[OSDC Israel] feedbacks from the conference
Gaal Yahas
gaal at forum2.org
Fri Mar 3 02:02:32 PST 2006
[Gabor]
> > Take the time to write a few senteces about the conference.
I had a lot of fun! For me the hilight was the opportunity to finally
meet Audrey and Larry in person, and work with them in the hackathon.
I'd like to point out that pugs development is very open and anyone
could have found themselves part of that, if they were sufficiently
motivated. It was very exciting. I imagine people with other interests
also had a chance to meet up and do things together, which is part of
what the conf is all about.
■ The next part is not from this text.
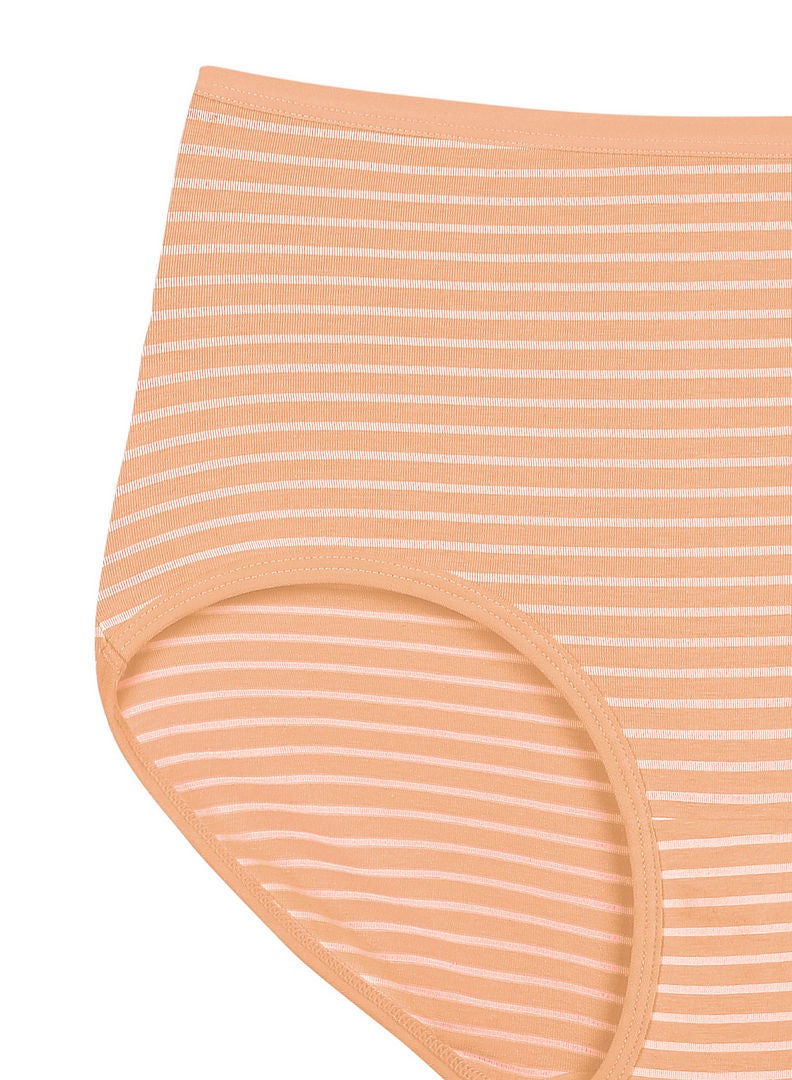 hush-hush mermaid Large Striped Pattern Brief Beige - Image 4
Thanks Gabor for the insistence on making
this happen!
A few suggestions/observations:
* The organization process, beginning with CFP etc., should probably
have started about a month earlier than it did. The registration
window should be longer but end earlier, so there's less stress for
the organizers about how many people are coming. (Well, of course
we don't want to deny people attenance completely if they register
late; that's what the mechanism of early bird discounts is for. But
pricing *must* be planned and enforced rigidly. If there are one-day
passes they should be offered at the same time full passes are.
* Speakers can always use more nagging about deadlines.
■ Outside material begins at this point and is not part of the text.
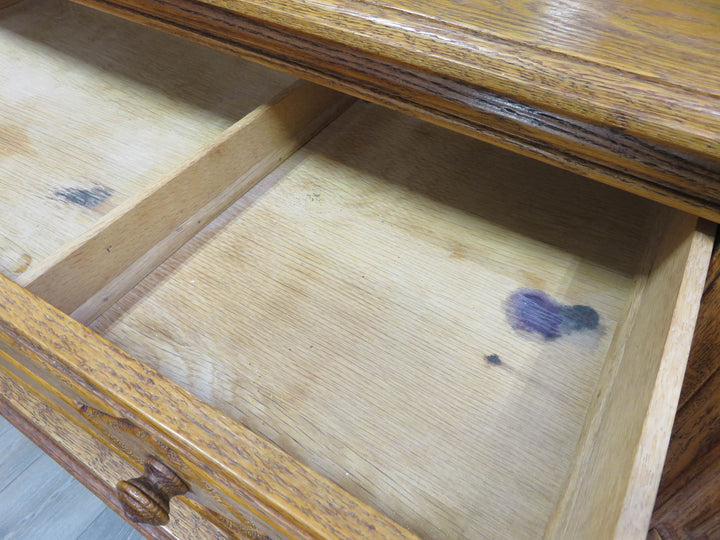 Carved Oak Buffet Cabinet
* Advertisement could have been better. Notices in a few tech
departments in universities should be posted for each major
preparation milestone (CFP, registration, whatever).
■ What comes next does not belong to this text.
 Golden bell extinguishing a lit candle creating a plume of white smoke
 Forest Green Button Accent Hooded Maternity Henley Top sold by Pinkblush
* For guests coming from abroad, visa preparation should start two
months before the arrival date.
* The venue was excellent by many criteria (lecture halls, staff
assistance, wifi).
* Its drawbacks were transportation and location; this influenced how
people didn't tend to stick around after the talks. Need to find
ways of getting them to, as the social aspect of the conf has great
potential which wasn't properly used this time round.
* Dinner must offer places to sit, or people will tend to want to get
it over with. The food was fine. Next year if we manage to have the
same sort of dinner with more comfortable seating, plus manage to
squeeze wine into the budget, it would be a big success.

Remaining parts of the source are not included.